La expansión de infraestructura de IA: un gasto sin precedentes y crecientes desafíos energéticos
Puntos clave
- •Las mayores empresas de nube e hiperscala han llevado el gasto en infraestructura de IA a niveles extraordinarios, con un gasto de capital anual que ya se sitúa en cientos de miles de millones de dólares.
- •Las estimaciones de la industria citadas en el artículo indican que aproximadamente el 80% de los costos de los centros de datos se destinan a Nvidia, mientras que la construcción física puede representar el 5% o menos del gasto total.
- •Texas tiene 474 gigavatios de solicitudes de interconexión de ERCOT, y el 90% de esa demanda se atribuye a centros de datos.
- •El Gobernador de Texas, Abbott, ha congelado el despliegue de nuevos centros de datos en el estado.
- •Morgan Stanley proyecta un déficit eléctrico en Estados Unidos de aproximadamente 80-100 gigavatios hasta 2030, y algunas empresas tecnológicas están buscando acuerdos de energía nuclear y tecnologías de reactores avanzados en respuesta.

La escala de la expansión de infraestructura de inteligencia artificial, en términos de gasto y capital corporativo, continúa alcanzando niveles extraordinarios. El ritmo de inversión es notablemente más comprimido que en cualquier ciclo de infraestructura anterior, impulsado principalmente por los mayores operadores de nube e hiperscala — Amazon, Microsoft, Google y Meta — cuyo gasto de capital combinado ha ascendido a cientos de miles de millones de dólares.
Una pregunta central es exactamente dónde se está desplegando el capital. A diferencia de los proyectos de infraestructura históricos, como la construcción de ferrocarriles, que requerían acerías y grandes fuerzas laborales, la construcción de centros de datos de IA tiene una estructura de costos marcadamente diferente. Las estimaciones de la industria indican que aproximadamente el 80% de los costos de los centros de datos van directamente a Nvidia, con una porción sustancial del resto destinada a componentes de racks y hardware relacionado. El componente de construcción física — la parte que fluye hacia la economía en general — puede representar el 5% o menos del gasto total. Esta concentración significa que el efecto multiplicador económico de la expansión de IA es más estrecho que los auges de infraestructura del pasado, ya que la mayoría de los dólares fluyen hacia un pequeño grupo de diseñadores de semiconductores y proveedores de racks de servidores en lugar de distribuirse ampliamente entre la mano de obra y los materiales de construcción.
Estas instalaciones también son tremendamente intensivas en energía. La construcción de capacidad de generación de energía representa un gasto ampliamente disperso que fluye a través de fábricas y materias primas. Sin embargo, las cifras relacionadas con los requisitos de generación de energía son sorprendentes, y existen serias dudas sobre si la capacidad puede mantenerse al ritmo de la demanda de centros de datos.

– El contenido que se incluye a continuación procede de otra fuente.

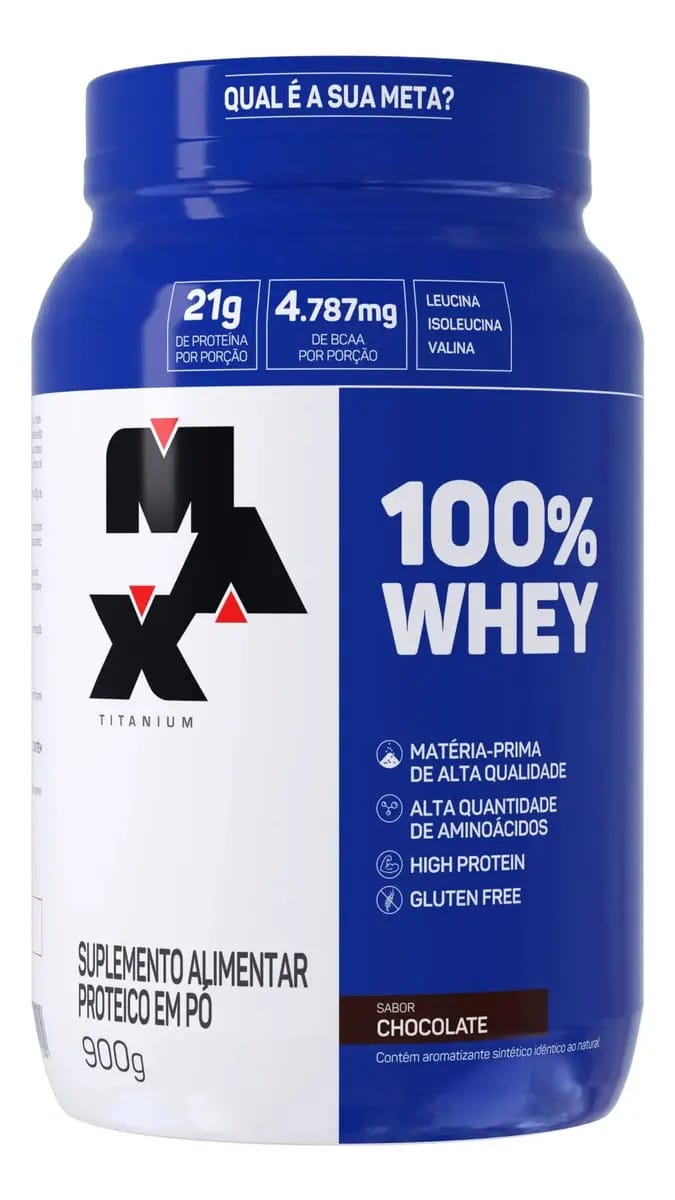 100% Whey Protein Concentrado 900g Max Titanium Sabor Chocolate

Según ZeroHedge, las matemáticas energéticas detrás del despliegue de centros de datos plantean preocupaciones significativas. Solo Texas enfrenta 474 gigavatios de solicitudes de interconexión a través de ERCOT, con el 90% atribuible a centros de datos. El Gobernador de Texas, Abbott, posteriormente congeló el despliegue de nuevos centros de datos en el estado.
Para contexto, el récord histórico de demanda máxima de ERCOT se sitúa en 91.1GW, establecido el 22 de julio de 2026, con una demanda normal que oscila entre 40 y 80GW.
En un escenario más moderado, Morgan Stanley proyecta que todo Estados Unidos enfrentará un déficit de aproximadamente 80-100GW hasta 2030, equivalente a la capacidad de aproximadamente 100 plantas de energía nuclear. Esto plantea la posibilidad de que, incluso si los centros de datos se construyen a tiempo, es posible que no se les permita conectarse a la red eléctrica durante años. Varias de las principales empresas tecnológicas ya han comenzado a buscar acuerdos de energía nuclear y tecnologías de reactores de nueva generación como una respuesta a este cuello de botella, aunque estas iniciativas enfrentan sus propios plazos de desarrollo de varios años y obstáculos regulatorios.